Malgré un désaccord sur l'envoi d'instructeurs en Ukraine, soutenu par Emmanuel Macron mais auquel s'oppose l'armée américaine, Paris et Washington font ainsi front uni. Pour Joe Biden, la France et les États-Unis se tiennent « aux côtés du peuple ukrainien [...] car [ils savent] ce qui se passera si Vladimir Poutine réussit à assujettir l'Ukraine, c'est l'ensemble de l'Europe qui sera menacé », alors que les tentatives de déstabilisation russes envers la France se multiplient sur fond de campagne européenne. Dernier exemple en date : l'arrestation à Moscou de l'universitaire Laurent Vinatier, placé en détention provisoire jusqu'au 5 août. Emmanuel Macron a appelé à la « libération la plus rapide » du Français.

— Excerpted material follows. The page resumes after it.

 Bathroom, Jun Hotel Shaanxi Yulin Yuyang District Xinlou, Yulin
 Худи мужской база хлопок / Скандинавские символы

Une déclaration publique commune avant un dîner d'État entre les présidents qui a clôturé une séquence diplomatique chargée, au bénéfice de Volodymyr Zelensky. Invité par Emmanuel Macron à participer au 80e anniversaire du Débarquement en Normandie - à la différence de la Russie -, le président ukrainien est rentré à Kiev vendredi soir avec bon nombre d'engagements dans ses bagages.